_What you need to do_
Print all of the entries exactly, minus the pictures.
=== Supplied data ===
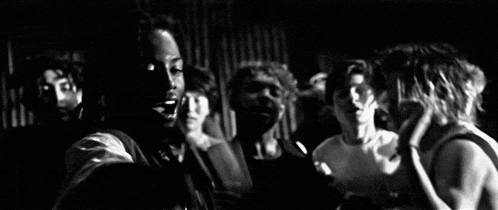 a black and white photo of a group of people standing next to each other in a dark room .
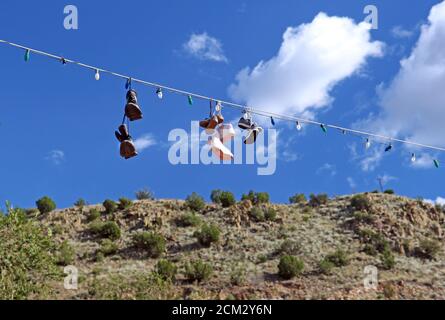 Sneakers dangling from a string of lights. Stock Photo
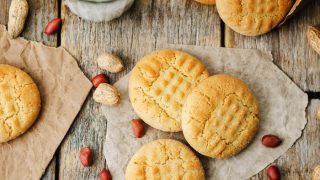 Peanut butter cookies on butter paper with fresh peanut lying around them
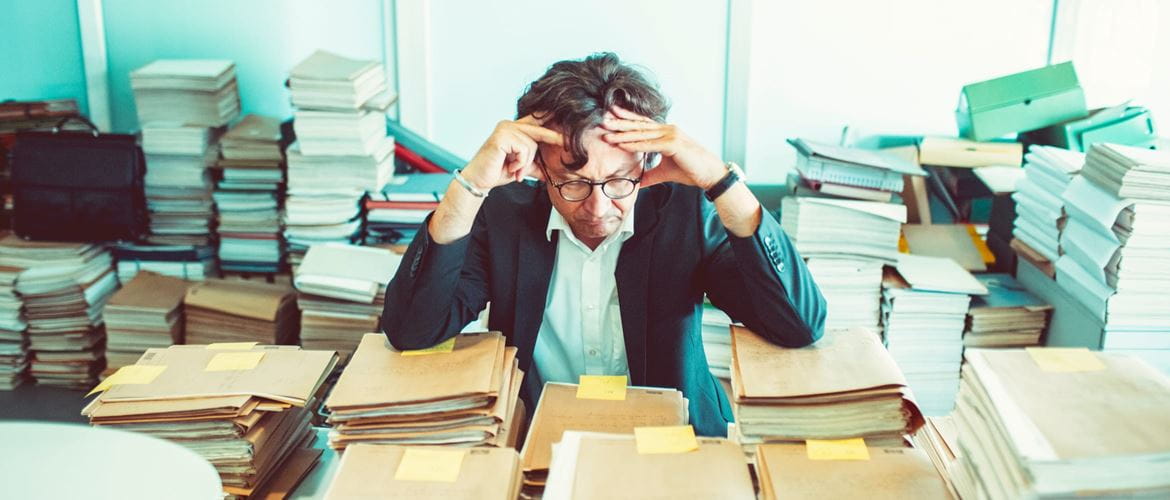 A lawyer holding his head while sat at a desk in an office, surrounded by piles of folders and documents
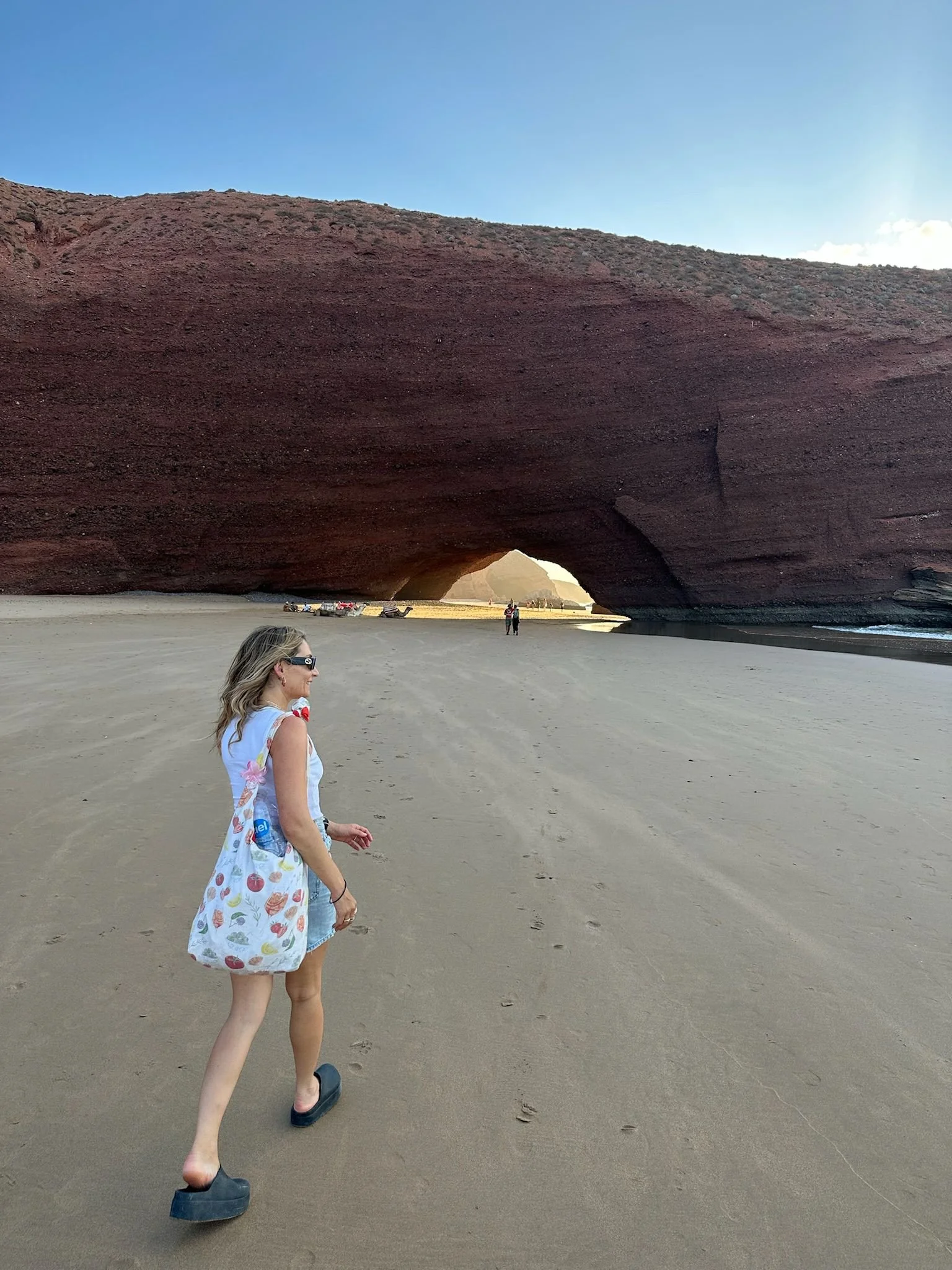 A woman walking on the sandy beach near a large, arched rock formation at a beach, with a few people in the distance and a clear blue sky overhead.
===
_Exercise solution_
 a black and white photo of a group of people standing next to each other in a dark room .
 Sneakers dangling from a string of lights. Stock Photo
 Peanut butter cookies on butter paper with fresh peanut lying around them
 A lawyer holding his head while sat at a desk in an office, surrounded by piles of folders and documents
 A woman walking on the sandy beach near a large, arched rock formation at a beach, with a few people in the distance and a clear blue sky overhead.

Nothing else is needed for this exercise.